The Isola del Giglio, standing in crystalline emerald water just off Monte Argentario, is the second largest island of the Tuscan Archipelago. Giglio’s name originates from the Greek aegilion “island of goats”, most probably because of its mountainous terrain – almost entirely made from granite – and is renowned for being a natural paradise. The island’s beautiful jagged coast is characterised by its steep but smooth rocks, perfect for sunbathing or spending a pleasant day by the sea. Giglio’s mild climate means that the island is ideal to visit not just in the summer months but throughout the year.
Isola del Giglio’s main beaches include Arenella, Canelle and Caldane, which are all on the east coast, while Campese, the island's largest, lies to the north-west.
The unbelievably clear waters of the island and rich seabeds, teeming with fish, mean that tourists and diving enthusiasts alike can experience the enchanting and uncrowded setting of an uncontaminated sea. The rare seahorse can be seen along the island’s seabeds, where even seagrass can be found at unusual depths, whilst deeper still are vertical walls covered with blue sponges and red and yellow alcyonacea, swarming with sealife.
The most populated areas of Giglio are the centres of Porto, Giglio Castello and Campese. Giglio Porto is a picturesque little port nestled on a cove, enclosed by two piers and a hilly amphitheatre terraced with vineyards. From here a narrow and winding road leads to Giglio Castello, the centre of the municipality which also administers over the island of Giannutri. The ancient town has kept its fortified village aspect: high medieval walls with towers surround it, and inside are a warren of arched alleyways, underpasses, steep stairways carved into the rock and old houses leaning against each other, all in the shadow of the fortress. Campese, on the west coast of the island, is primarily a holiday resort. Located in the centre of a bay bordered by a wide golden beach, it is embellished by the presence of an imposing tower built during the reign of Ferdinand I.
Giannutri, the smallest island of the Tuscan Archipelago, is easily reachable from Giglio Porto. It’s a genuine paradise for snorkelling and diving lovers, but is also a place of huge archaeological importance: near Cala Maestra you can find the imposing remains of a Roman villa, built by the Domitii Enobarbi family in the 2nd century AD.
There are daily connections between Giglio and Monte Argentario, which makes it extremely easy to reach Porto Santo Stefano. This is a good starting point for visiting other islands in the Tuscan archipelago, but might equally be the first stop on your journey to discovering southern Maremma.
The most important annual events are the celebrations of the local patron saints, which always include parades, races, festivals and fireworks. Giglio Castello holds a celebration for San Lorenzo on August 10. On August 15 there is the feast of San Rocco in Giglio Porto, while on September 15 the people of Campese remember San Mamiliano.

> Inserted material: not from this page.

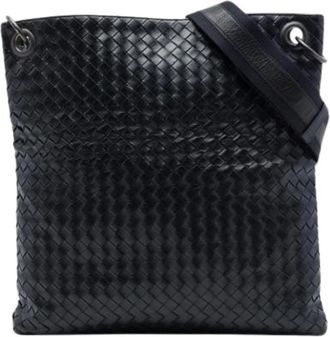 Bottega Veneta Pre-owned Woven Leather Crossbody Bag - Dames - Vintage Schoudertas - Zwart - ONE Size - Leer - Vintage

The island’s Mediterranean scrub is interspersed with old earth terraces, created to cultivate olive groves and vineyards: the latter produce the treasured Ansonica white wine. An absolute must-try is the rabbit chasseur, cooked with tomato, spices, chilli and olives in pesto, seasoned with olive oil, garlic, salt, fennel seeds, chilli and orange peel. Panficato, a dessert made with figs and walnuts, is the area’s main traditional dish.